The FBI makes it official: Russia is attacking US energy, water, and critical systems

 

Russia is attacking the U.S. energy grid, nuclear facilities, water processing plants, aviation systems, and other critical infrastructure that millions of Americans rely on, according to a new joint analysis by the FBI and the Department of Homeland Security.

The new attribution—the first official confirmation by the U.S. of Russia’s effort—includes an accusation that the Kremlin was behind a group of sophisticated hackers known as “Dragonfly” that had penetrated energy company systems last year in ways that could be used to sabotage the U.S. electric grid.

On Thursday, as the Trump administration imposed new sanctions on Russia for “malicious cyberattacks,” officials confirmed that the Kremlin is believed to be behind the attacks, which security firm Symantec described in a report in September. Symantec had warned that the hackers could potentially have the ability to cause blackouts.

“Since at least March 2016, Russian government cyber actors… targeted government entities and multiple U.S. critical infrastructure sectors, including the energy, nuclear, commercial facilities, water, aviation, and critical manufacturing sectors,” according to Thursday’s FBI and Department of Homeland Security report.

The FBI makes it official: Russia is attacking US energy, water, and critical systems | DeviceDaily.com

Reconstructed screenshot fragments of a Human Machine Interface that the threat actors accessed, according to DHS [Image: US-CERT]

The report did not say how successful the attacks were or specify the targets, but said that the Russian hackers “targeted small commercial facilities’ networks where they staged malware, conducted spearphishing, and gained remote access into energy sector networks.” At least one target of a string of infrastructure attacks last year was a nuclear power facility in Kansas, Bloomberg reported in July.

The new sanctions focus on five Russian groups, including the Russian Federal Security Service, the country’s military intelligence apparatus, and the digital propaganda outfit called the Internet Research Agency, as well as 19 people, some of them named in the indictment related to election meddling released by special counsel Robert Mueller last month.
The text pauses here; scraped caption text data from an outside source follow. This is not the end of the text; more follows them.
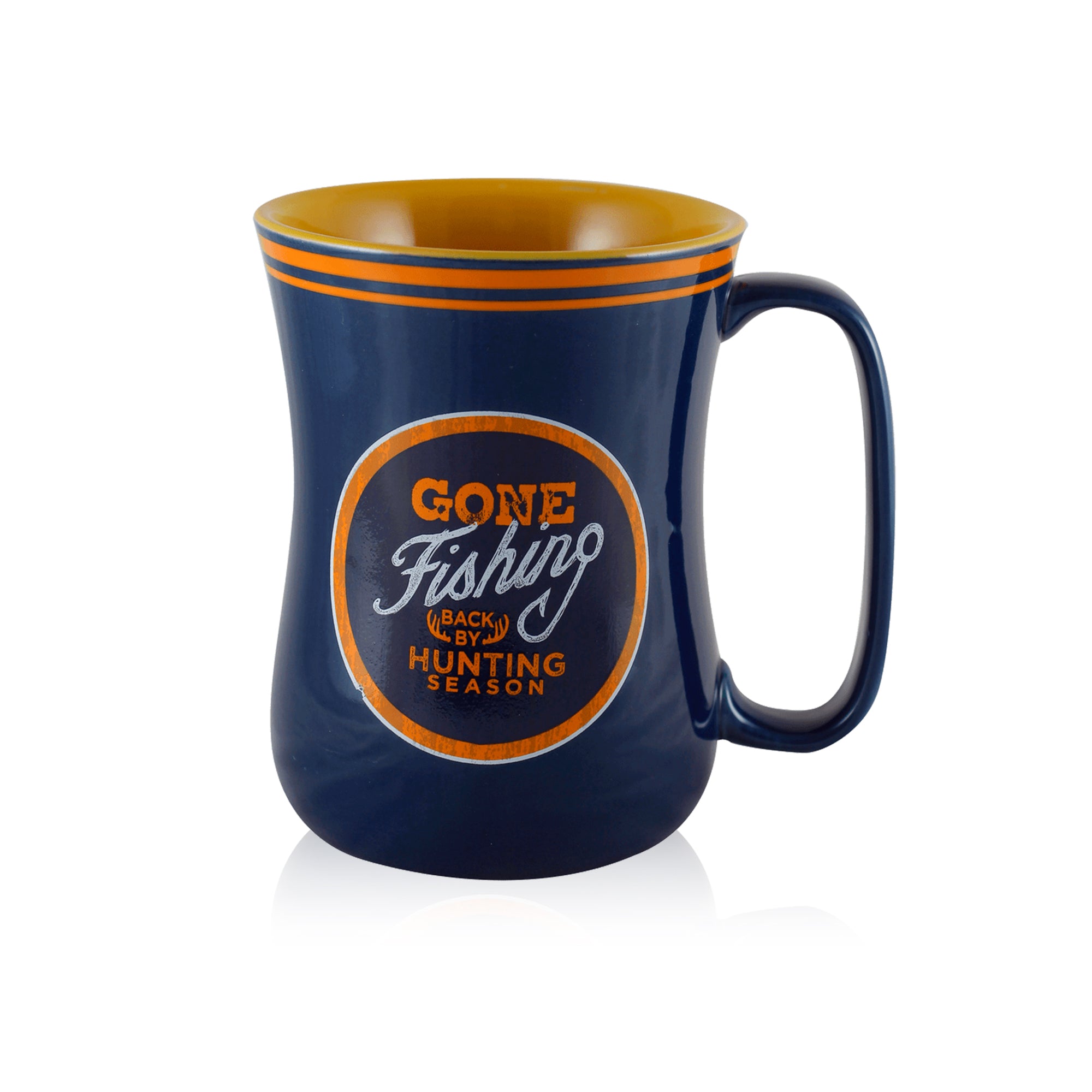 Gone Fishing 16oz Barista Ceramic Mug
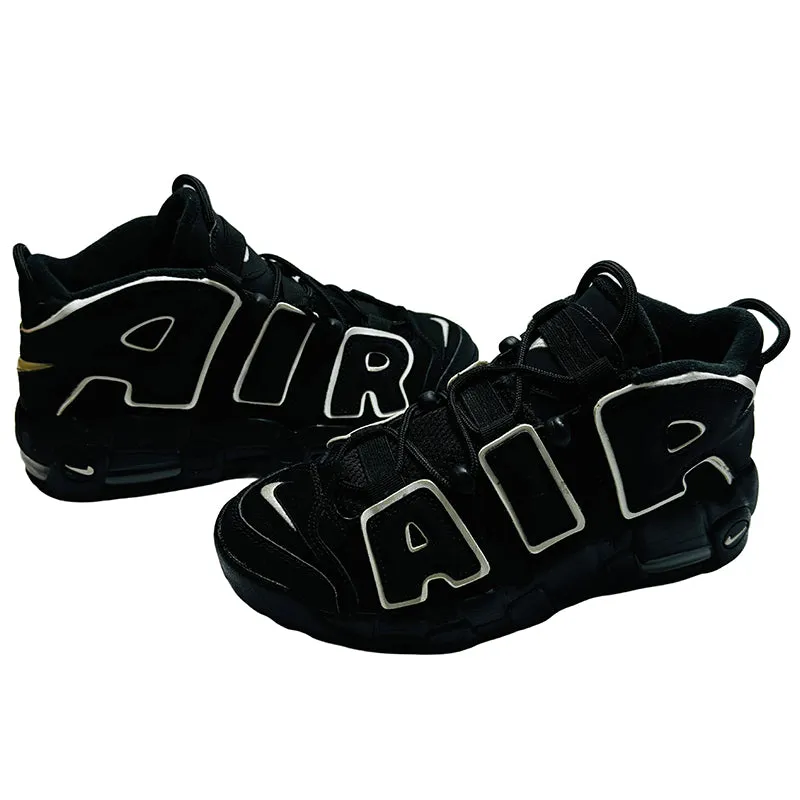 Nike Air More UPTEMPO (GS) Black Shoes - 415082-002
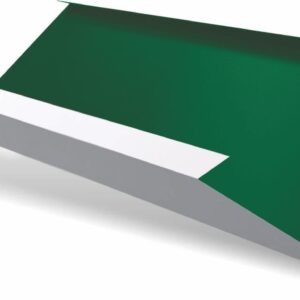 Dolie standard RUFSTER Eco – 0,45 mm – Verde-crom RAL 6020 – Poliester mat structurat (MS)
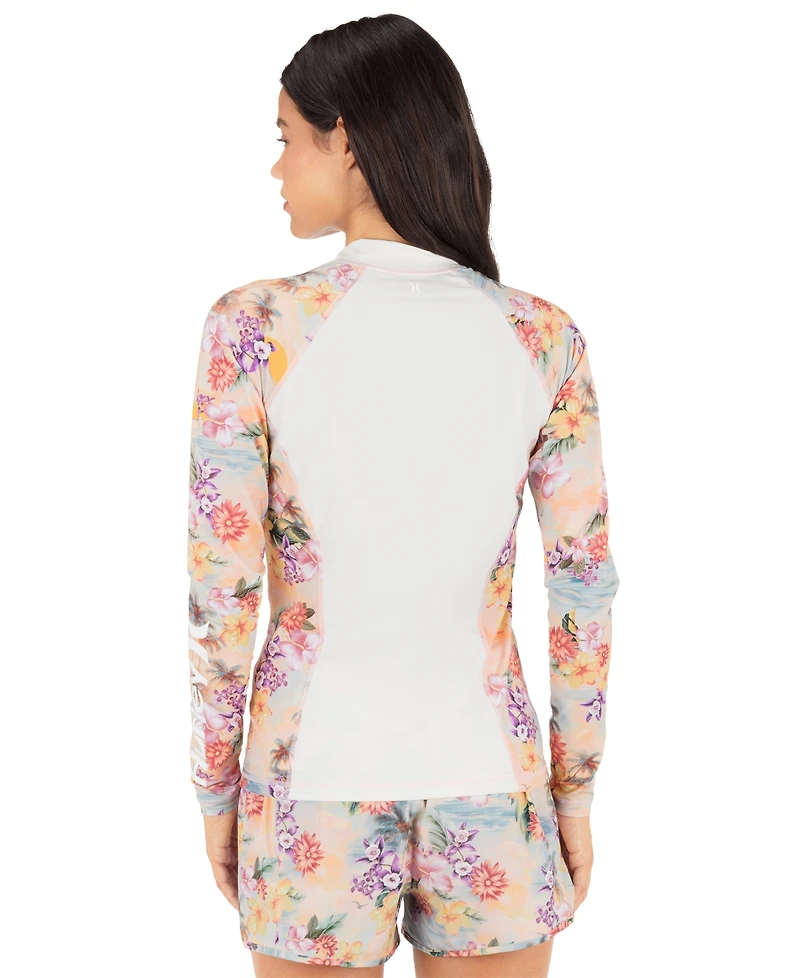 Hurley Women's Scenic Sunset Long-Sleeve Front-Zip Rashguard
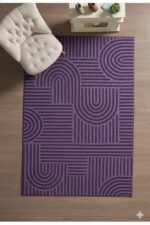 Mor Modern Halı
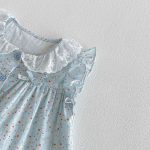 【73-120cm】トップス ベビー 女の子 おしゃれ 花柄 フリルデザイン - 画像 (7)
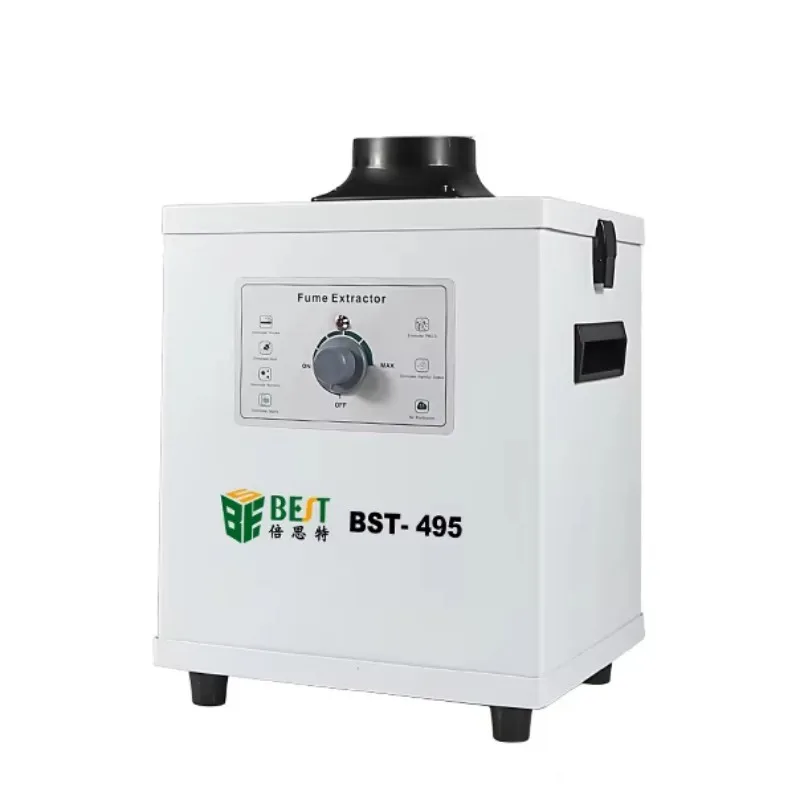 Extractor de humos de humo de soldadura, instrumento purificador Industrial de escape de filtro de BST-495 para máquina de separación láser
In announcing the sanctions, which will generally ban U.S. people and financial institutions from doing business with those people and groups, the Treasury Department pointed to alleged Russian election meddling, involvement in the infrastructure hacks, and the NotPetya malware, which the Treasury Department called “the most destructive and costly cyberattack in history.”

The new sanctions come amid ongoing criticism of the Trump administration’s reluctance to punish Russia for cyber and election meddling. Sen. Mark Warner (D-Va.) said that, ahead of the 2018 mid-term elections, the administration’s decision was long overdue but not enough. “Nearly all of the entities and individuals who were sanctioned today were either previously under sanction during the Obama Administration, or had already been charged with federal crimes by the Special Counsel,” Warner said.

Symantec doesn’t typically point fingers at particular nations in its research on cyberattacks, said Eric Chien, technical director of Symantec’s Security Technology and Response division, though he said his team doesn’t see anything it would disagree with in the new federal report. The government report appears to corroborate Symantec’s research, showing that the hackers had penetrated computers that would let them directly manipulate power systems, he says.

“There were really no more technical hurdles for them to do something like flip off the power,” he said.

And as for the group behind the attacks, Chien said it appears to be relatively dormant for now, but it has gone quiet in the past only to return with new hacks.

“We expect they’re sort of retooling now, and they likely will be back,” he said.